(Re)Claiming Space

It’s my penultimate day in Tijuana but my last day of doing things. Tomorrow I fly to Mexico City, I can’t believe how quickly time is passing but at the same time leaving the UK feels like a long time ago.

In the past 48hours I have been meeting with activists and organisations. We meet in the Women’s Institute a concrete building with a brilliant and bustling team who amongst many things help support vulnerable women. There we meet a diverse collection of people ranging from psychologists who help support women who have experienced domestic violence to Trans-Activists who in many ways help support transwomen across the city.

Yesterday I was invited to listen to a meeting aiming to create a document / agreement on how shelters and organisations can specifically help migrants / displaced LGBTQQI people.

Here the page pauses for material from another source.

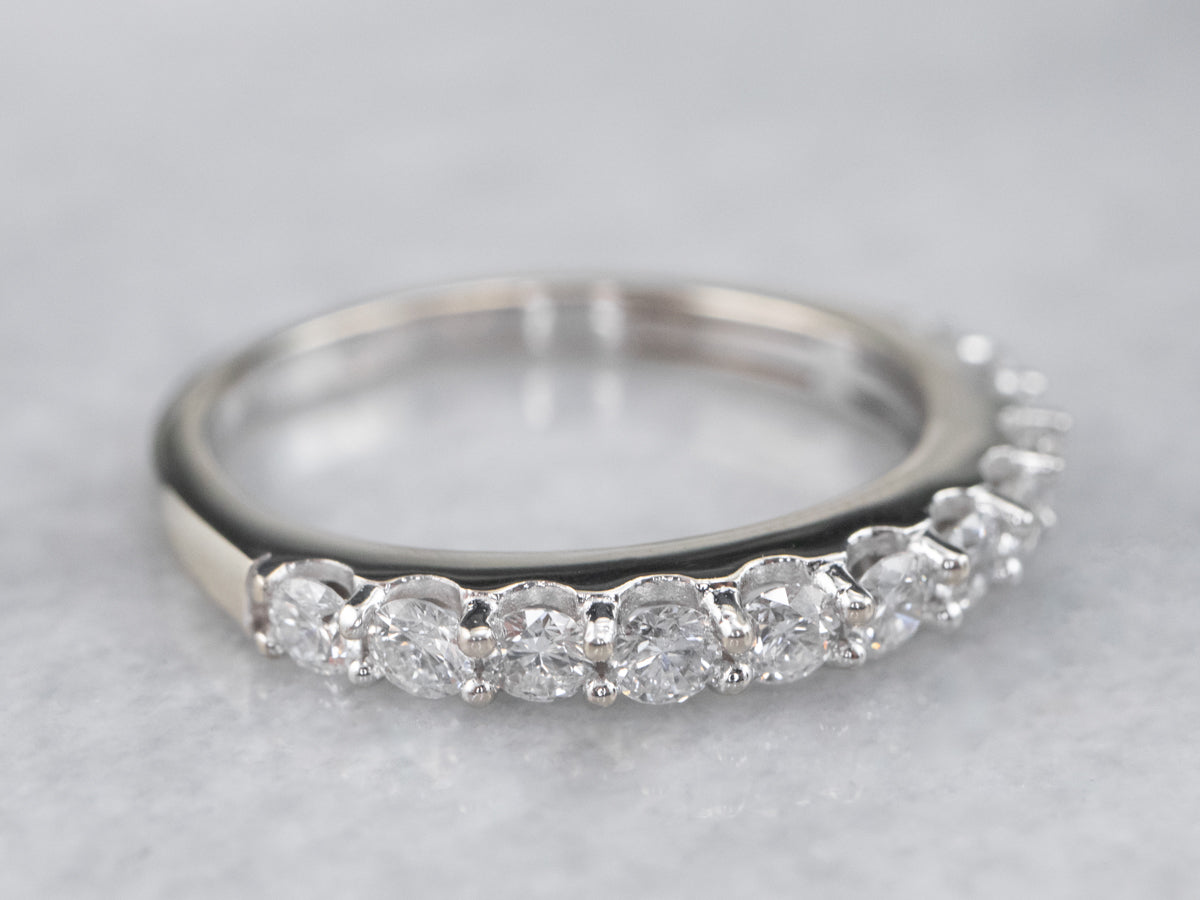 Diamond White Gold Wedding Band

These people face unique problems, often they are turned away from religious shelters and/or gendered shelters because they are seen as being ‘other’. There is little or no space for them, in lots of ways. I spoke to the brilliant Rubi Juarez who is the director of Centro de Atencion Integral a Personas Trans and she said that often the transwomen who arrive here don’t know the difference between being transgender and being a gay man who is transvestite. One of her organisations job is to help empower these transwomen and help them understand themselves better. Her organisation is helping transwoman claim their space. Damn right.

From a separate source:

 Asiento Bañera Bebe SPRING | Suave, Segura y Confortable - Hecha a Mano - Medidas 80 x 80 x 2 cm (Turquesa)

Rubi recently received a call from her friend who is a journalist in the south of Mexico about 30 transwomen on their way to Tijuana. There is nowhere to shelter them and Rubi has already offered her apartment to 5 other transwomen fleeing from another part of South America. All the activists and organisations are hugely pragmatic (they must be) – they agree first the 30 transwomen arriving need blankets. Blankets. Me and Ximena have been cold in our hotel rooms and have asked for additional blankets on top of the one already in our room. Oh, the absurdity of these two situations placed next to each other.

It is interesting though I suppose not surprising how important data and statistics are when you are working with migrants and displaced people. Numbers help understanding the scale of the situation, numbers help understand where the organisations need to focus their resources and social security numbers help people officially exist. Officially exist, without a number you are invisible and I sense there are many invisible people in Tijuana.

The number isn’t known but approximately (and mostly likely more than) 50,000 people arrived in Tijuana after the earthquake in Haiti. Can you imagine 10% of the population of Edinburgh arriving, not speaking the language with no basic items seeking both shelter and work. I receive conflicting information about whether or not there are enough jobs in this city to support these people. It echo’s problems we are facing in Europe but to make too much of a comparison is to lessen the nuance of both situations.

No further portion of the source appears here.